[Opening Given data section]

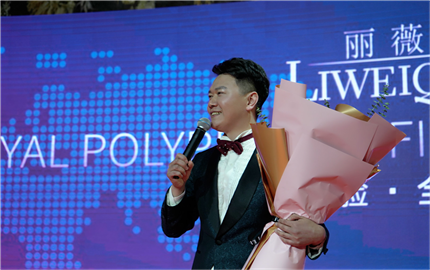 旭美集团“丽薇泉魔力小V脸”全球新品发布会圆满落幕(5)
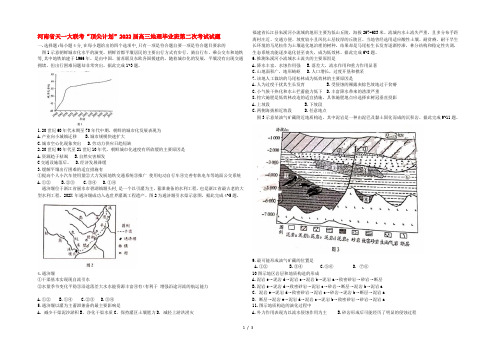 河南省天一大联考“顶尖计划”2022届高三地理毕业班第二次考试试题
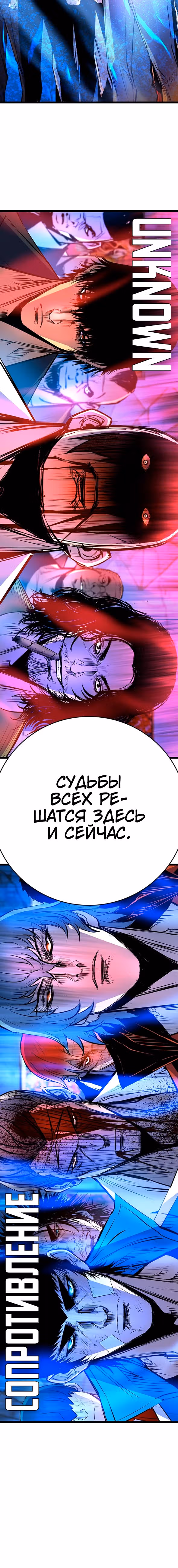 Академия Халлим — Том 2 · Глава 197, страница 49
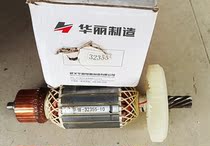 Gorgeous Bopu new brand sharp Pai Kano 32355-10 cutting machine rotor gorgeous 355 rotor 8 teeth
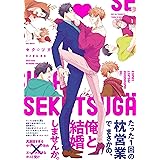 セク☆ツガ (THE OMEGAVERSE PROJECT COMICS)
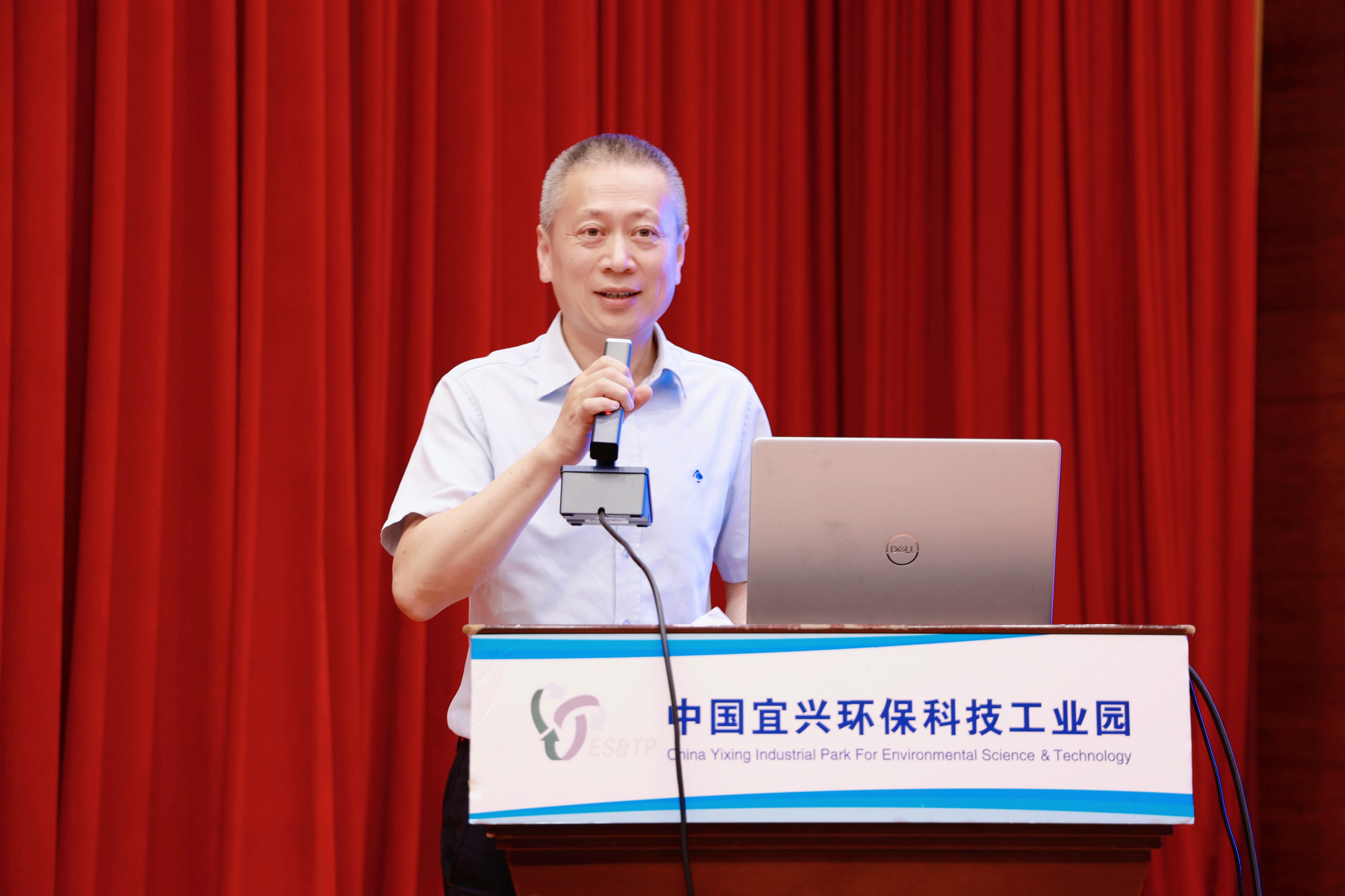 Z6·尊龙「中国」官方网站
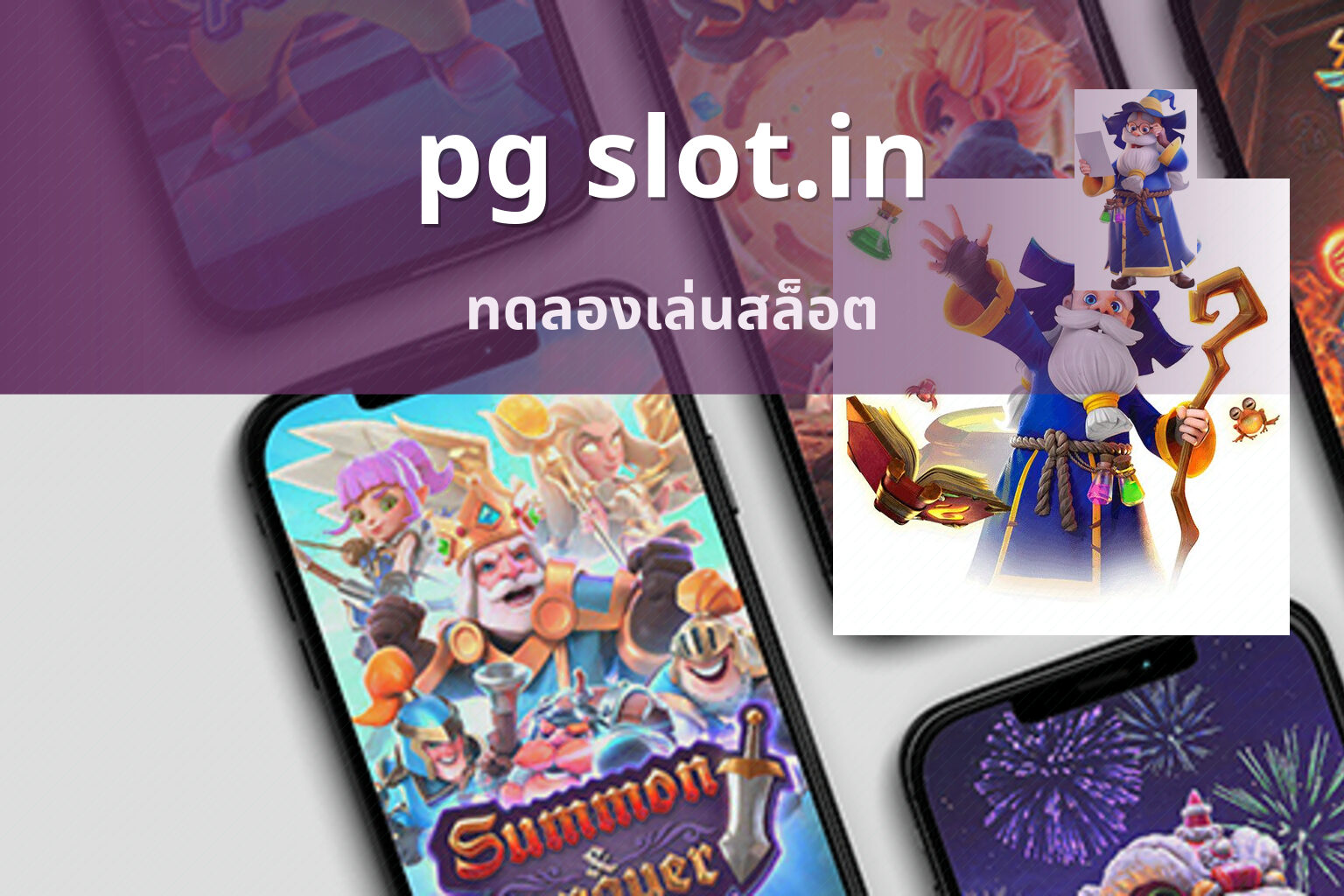 pg slot.in - slot games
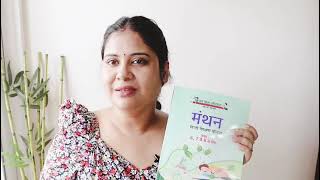 मंथन पुस्तक का विमोचन। #मंथन #पुस्तक #manthan #1million #books #basicshikshavibhag #subscribe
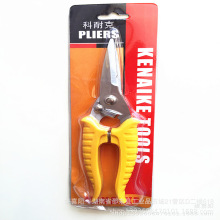 SֱN I ^FƤ P䓼 Sɫ@ּ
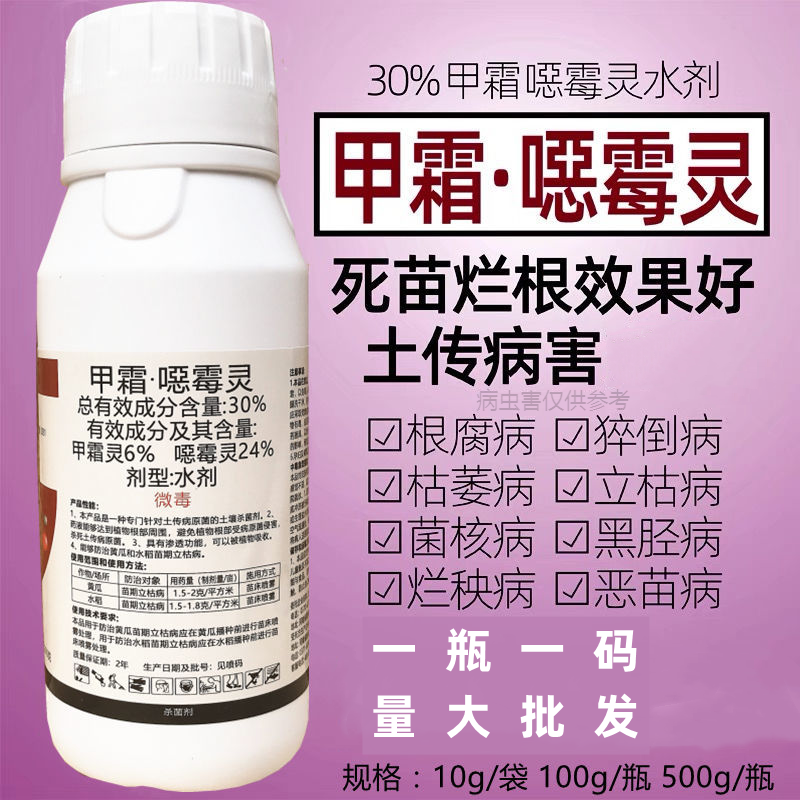 30%甲霜灵恶霉灵噁霉灵猝倒病根腐病死苗烂根青枯立枯萎病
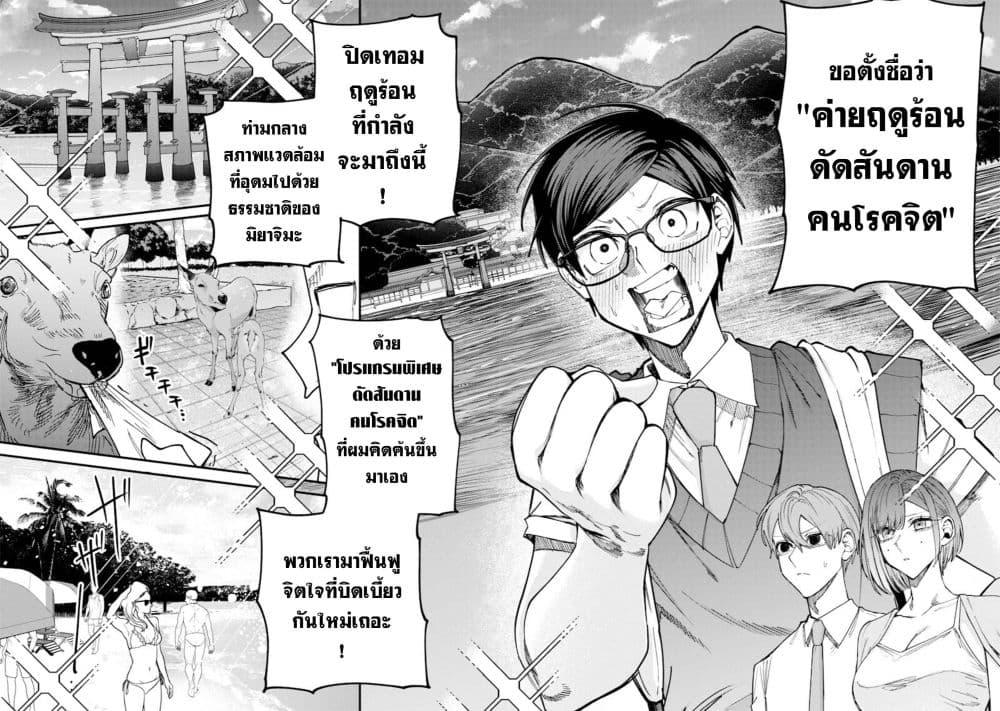 Manga-lc-com อ่านมังงะ อ่านการ์ตูน ออนไลน์ ฟรี Namaiki na Gal Ane wo Wakaraseru Hanashi ตอนที่ 1 2 3 4 5 6 7 8 9 10 11 12 13 14 ฟรี ไม่มีโฆษณา Manga-lc - อ่าน มังงะ อ่าน การ์ตูน ออนไลน์ อ่านมังงะ ฟรี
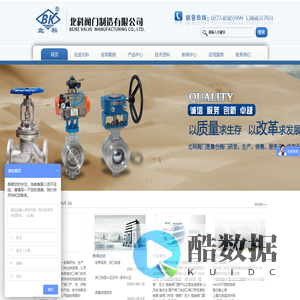 北科阀门制造有限公司,闸阀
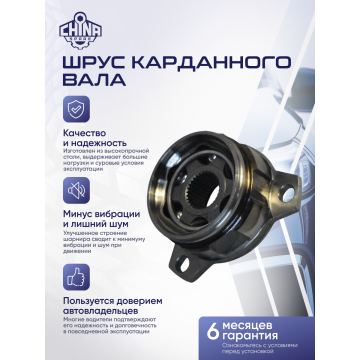 Шрус карданного вала Mitsubishi L200 IV / Pajero Sport I-II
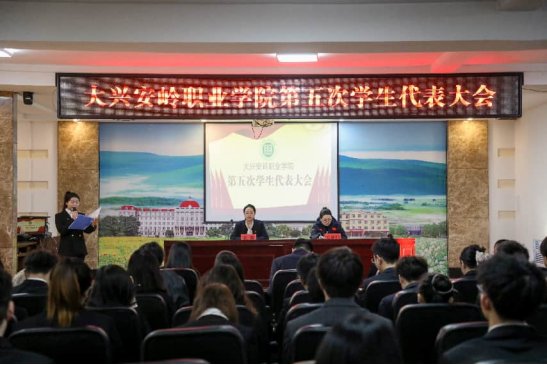 1766456438293198.png 为深入新威尼斯入口成为国际米兰亚洲区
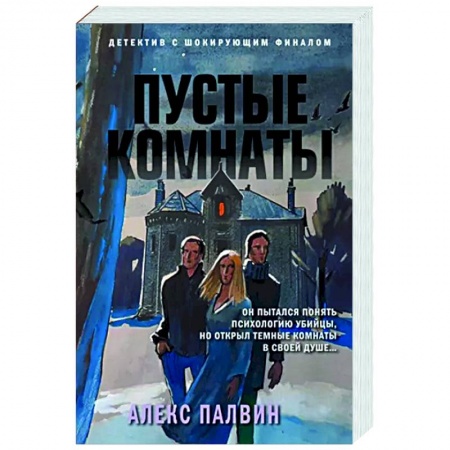 Отечественный мужской детектив, книга Пустые комнаты купить по низкой цене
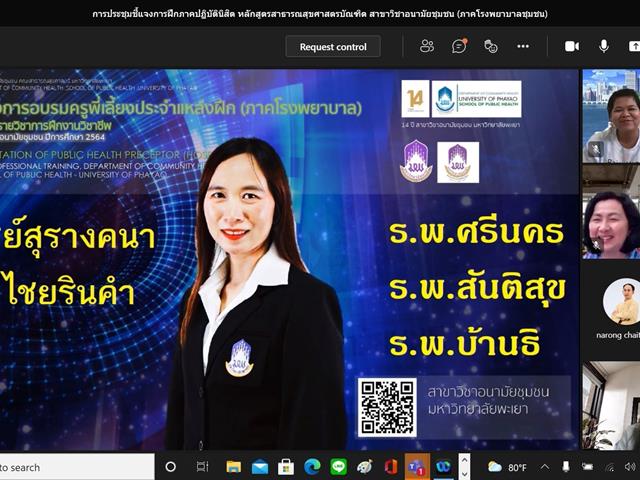      สาขาวิชาอนามัยชุมชน คณะสาธารณสุขศาสตร์มหาวิทยาลัยพะเยา จัดโครงการเตรียมความพร้อมนิสิตก่อนฝึกงาน (ภาคโรงพยาบาลชุมชน) ปีการศึกษา 2564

[Closing Given data section]

■ Aim of the exercise ■
Please, without any pictures, print each entry exactly.

■ Written reply ■
 旭美集团“丽薇泉魔力小V脸”全球新品发布会圆满落幕(5)
 河南省天一大联考“顶尖计划”2022届高三地理毕业班第二次考试试题
 Академия Халлим — Том 2 · Глава 197, страница 49
 Gorgeous Bopu new brand sharp Pai Kano 32355-10 cutting machine rotor gorgeous 355 rotor 8 teeth
 セク☆ツガ (THE OMEGAVERSE PROJECT COMICS)
 Z6·尊龙「中国」官方网站
 pg slot.in - slot games
 मंथन पुस्तक का विमोचन। #मंथन #पुस्तक #manthan #1million #books #basicshikshavibhag #subscribe
 SֱN I ^FƤ P䓼 Sɫ@ּ
 30%甲霜灵恶霉灵噁霉灵猝倒病根腐病死苗烂根青枯立枯萎病
 Manga-lc-com อ่านมังงะ อ่านการ์ตูน ออนไลน์ ฟรี Namaiki na Gal Ane wo Wakaraseru Hanashi ตอนที่ 1 2 3 4 5 6 7 8 9 10 11 12 13 14 ฟรี ไม่มีโฆษณา Manga-lc - อ่าน มังงะ อ่าน การ์ตูน ออนไลน์ อ่านมังงะ ฟรี
 北科阀门制造有限公司,闸阀
 Шрус карданного вала Mitsubishi L200 IV / Pajero Sport I-II
 1766456438293198.png 为深入新威尼斯入口成为国际米兰亚洲区
 Отечественный мужской детектив, книга Пустые комнаты купить по низкой цене
      สาขาวิชาอนามัยชุมชน คณะสาธารณสุขศาสตร์มหาวิทยาลัยพะเยา จัดโครงการเตรียมความพร้อมนิสิตก่อนฝึกงาน (ภาคโรงพยาบาลชุมชน) ปีการศึกษา 2564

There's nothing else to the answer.